DUO MORTEL

Titre: Deadly Duo
ou:  
Réalisateur: Chang Cheh
Interprètes: David Chiang

 

Ti Lung
Ku Feng
Chen Sing
Bolo Yueng
Philip Ko
 
Année: 1971
Genre: Kung fu / Wu Xia
Pays: Hong Kong
Editeur Wild Side
Violence: * * *
Erotisme: *
Suite:  

60%

Résumé:

Un prince de la dynastie Sung est tenu en otage par l'armée Mongole dirigée par Wa. Une équipe est envoyé pour le secourir, dirigé par Pao Ting-tien, un expert dans le maniement de la hache.

Critique:

Sorti par Wild Side dans sa prestigieuse collection Shaw Brothers, DEADLY DUO n'est pourtant pas le meilleur film de Chang Cheh, loin de là! C'est essentiellement un kung-fu primitif et barbare, pas franchement mauvais mais qui - avouons le - verse souvent dans la caricature et même le ridicule.

Si DEADLY DUO parvient à ne pas ennuyer c'est uniquement grâce à son rythme enlevé et aux nombreux combats chorégraphiés par Tong Gaai et Lui Chia Liang. Ti Lung, armé d'une grosse hache de guerre, et David Chiang, équipé d'un grappin redoutable, vont donc enchaîner les duels contre les infâmes méchants, parmi lesquels on retrouve Bolo Yeung.

Niveau scénario, c'est la simplicité à l'état pur, la quintessence de l'intrigue orientée action et divertissement populaire: un prince est prisonnier d'un château inexpugnable, de gentils chevaliers vont donc aller le délivrer. A partir de là, pas besoin de concentration excessive, le seul plaisir est immédiat. Oubliez le phosphore, priorité à la testostérone: ça bastonne sévère pendant 80 minutes. Alors tant pis pour toutes les incohérences et invraisemblances que Chang Cheh sème derrière lui, le spectacle avant tout!

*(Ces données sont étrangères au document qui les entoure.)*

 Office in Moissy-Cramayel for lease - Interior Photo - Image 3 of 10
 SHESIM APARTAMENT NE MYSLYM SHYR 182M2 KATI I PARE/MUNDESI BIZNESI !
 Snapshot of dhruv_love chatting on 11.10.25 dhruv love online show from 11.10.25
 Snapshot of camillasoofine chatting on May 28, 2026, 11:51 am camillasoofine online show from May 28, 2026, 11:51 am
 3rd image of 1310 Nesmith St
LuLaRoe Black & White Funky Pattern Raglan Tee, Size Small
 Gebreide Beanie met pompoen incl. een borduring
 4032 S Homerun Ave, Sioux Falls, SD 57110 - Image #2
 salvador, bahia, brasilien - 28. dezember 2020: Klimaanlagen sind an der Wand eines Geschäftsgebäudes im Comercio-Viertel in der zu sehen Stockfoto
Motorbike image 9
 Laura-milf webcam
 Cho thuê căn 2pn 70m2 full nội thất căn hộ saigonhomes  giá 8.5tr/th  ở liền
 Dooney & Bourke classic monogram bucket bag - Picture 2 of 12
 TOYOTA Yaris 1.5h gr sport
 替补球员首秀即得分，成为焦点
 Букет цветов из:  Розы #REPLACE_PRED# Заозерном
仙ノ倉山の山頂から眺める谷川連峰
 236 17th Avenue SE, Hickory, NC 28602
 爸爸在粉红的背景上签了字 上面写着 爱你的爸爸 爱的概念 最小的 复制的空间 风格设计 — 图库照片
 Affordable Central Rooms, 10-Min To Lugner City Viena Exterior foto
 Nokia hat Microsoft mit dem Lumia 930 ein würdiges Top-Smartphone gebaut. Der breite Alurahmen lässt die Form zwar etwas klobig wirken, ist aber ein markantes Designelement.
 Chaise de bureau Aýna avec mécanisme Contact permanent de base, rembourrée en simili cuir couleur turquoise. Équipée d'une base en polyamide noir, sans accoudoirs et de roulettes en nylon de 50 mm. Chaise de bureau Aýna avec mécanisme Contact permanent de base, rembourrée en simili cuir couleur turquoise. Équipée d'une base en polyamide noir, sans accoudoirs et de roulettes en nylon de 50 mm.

DEADLY DUO se poursuit donc en ne lésinant pas sur les affrontements furieux et bien sanglants, jusqu'à la fameuse séquence du pont. Monument de bêtise résolument bis, ce passage interminable est d'une simplicité déconcertante. Un pont à moitié brisé défend l'entrée du château et les amis de Ti Lung vont donc essayer de passer en privilégiant l'option "on essaie et on verra bien" au détriment d'un minimum de réflexion (style contournez l'obstacle, utiliser une corde où que sais-je encore). Le premier se lance, échoue, tombe et meurt. Bon, apparemment ce n'est pas ainsi qu'il faut procéder. Pourtant le deuxième se lance. Echoue! Tombe! Meurt! Et un troisième de tenter encore le même truc pour prouver son héroïsme. Il tombe et meurt à son tour! David Chiang, maître du kung-fu de l'envol, parvient pourtant à passer le pont et entame le combat avec les méchants, bientôt rejoint par ses copains qui, l'instant d'avant, en étaient apparemment incapables! Cette séquence résume à elle seule tout DEADLY DUO: le seul objectif est de divertir, alors qu'importe si il faut tordre le cou à la logique ou se permettre des facilités de scénario (in)dignes des serials.

Car, malheureusement, DEADLY DUO ne s'embarrasse vraiment pas de ses personnages, de son scénario ou de la moindre tension dramatique. On sait comment tout ça va finir et rien ne viendra surprendre le spectateur, excepté - justement - des passages à l'héroïsme si outrancier et si stupide qu'ils en deviennent profondément ridicules. Donc drôle.

Constamment excessif, DEADLY DUO a bien du mal à passionner le public, rapidement lassé par cet incessant gavage d'action barbare et hyper sanglante. Heureusement, le finale nous offre un beau concentré de bastons et l'utilisation des extérieurs change agréablement des habituels décors d'intérieurs.

Mais tout ça parait trop convenu, trop paresseux (y compris dans la réalisation), trop classique en fait pour s'élever au-dessus de la moyenne.

Chang Cheh, déjà, recycle des éléments de LA RAGE DU TIGRE, des 13 FILS DU DRAGON D'OR et annonce, par ces excès bis rarement controllés (et encore moins appropriés) les kung-fu pian déjanté interprétés les Five Deadly Venom.

Même avec une durée réduite à moins d'une heure et vingt minutes, DEADLY DUO parait longuet. A réserver aux seuls inconditionnels du kung-fu sanglant, bis et décérébré!